Tau-bench uses dynamic user simulation to test agent responses. Users may have incomplete information, change their minds, or make compound requests. The agent must handle all scenarios gracefully.

> user: "Actually, show me Luke's parables"

// Agent must adapt to changes

🗃

4. Database State Evaluation

Success is measured by comparing database states - the expected final state vs actual state after agent actions. This provides deterministic, verifiable evaluation with no ambiguity.

> verify_state(expected, actual)

// Binary: PASS or FAIL

🔧

5. Structured Tool Use

Agents interact via defined APIs with typed parameters. ParableAgent's 21 tools each have explicit inputs and outputs - no ambiguous function calls or undefined behaviors.

> search_by_theme(theme: string)

// Returns: Parable[] (typed!)

🎯

6. Compound Request Handling

Users often make multiple requests at once. A robust agent must fully resolve ALL parts - partial completion is a failure. "Show mercy parables AND count them" requires both actions.

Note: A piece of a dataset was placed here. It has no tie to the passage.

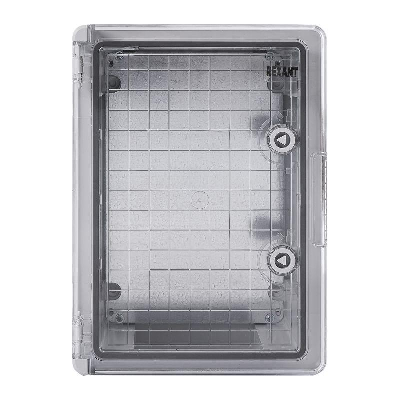 Корпус пластиковый ЩМПп 350х250х150 ABS УХЛ1 IP65 с прозр. дверцей и монтажной панелью Rexant 11-0411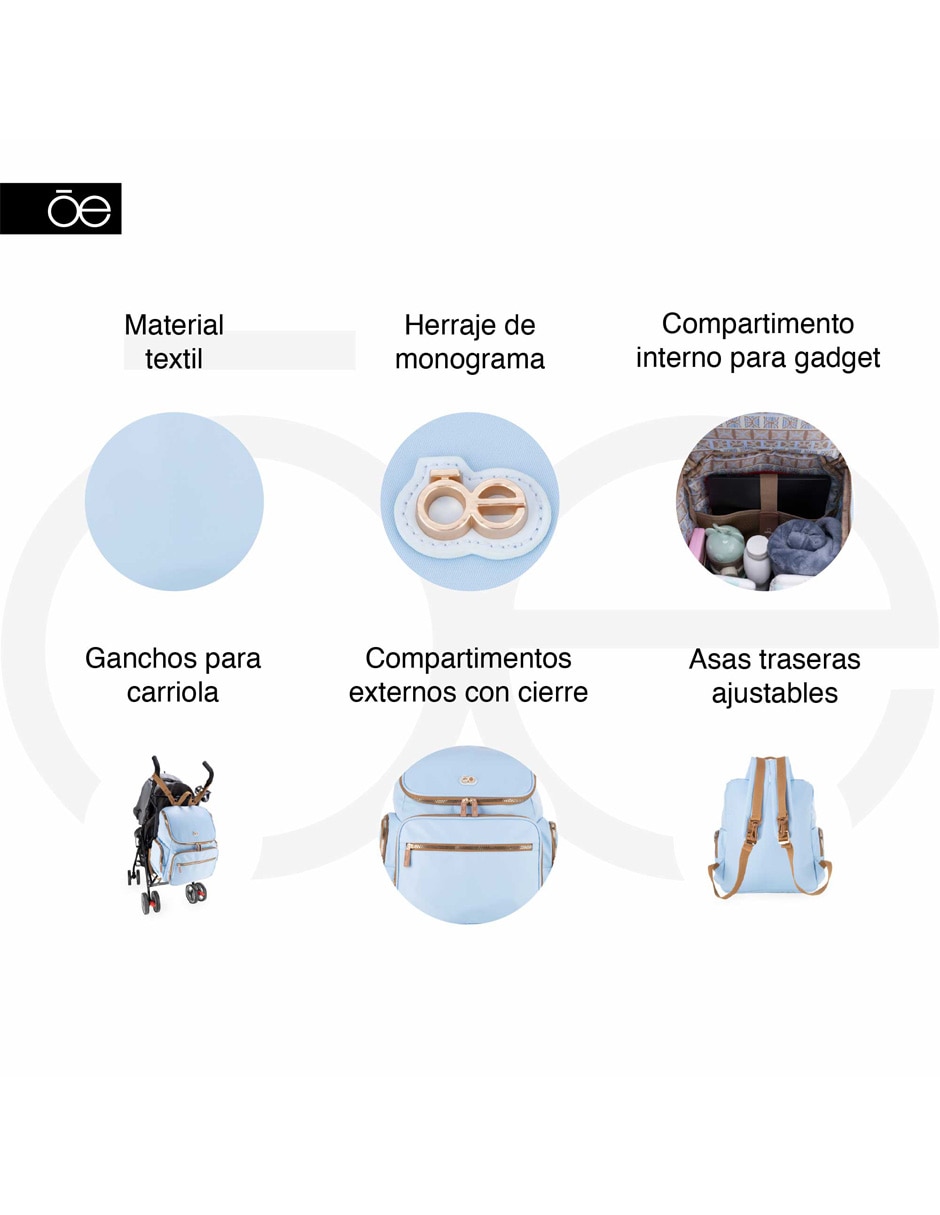 Pañalera backpack Hael 12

> "List AND compare the lost parables"

// Must do BOTH operations!


Common Agent Failure Modes

Tau-bench identifies these key challenges for agents:

Wrong Argument

Agent uses incorrect parameters when calling tools. Example: searching for theme "merciful" when the database expects "mercy".

Wrong Decision

Agent makes logical errors despite having correct information. Example: showing Matthew parables when user asked for Mark.

½

Partial Resolution

Agent only completes part of a compound request. Example: listing parables but forgetting to also compare them as requested.


Tau-Bench Evaluation Approach

Component Description ParableAgent Implementation
Database Structured data storage 39 parables in JSON format
APIs Typed function interfaces 21 Python tools
Policies Natural language rules 21 domain rules in Markdown
Tasks User interaction scenarios 21 defined task templates
Evaluation State comparison Deterministic output matching

For biblical scholarship, reliability is paramount. Tau-bench principles ensure ParableAgent is not just accurate once, but consistently accurate every time. The pass^k metric means you can trust the same query to always return the same results - essential for serious study and teaching.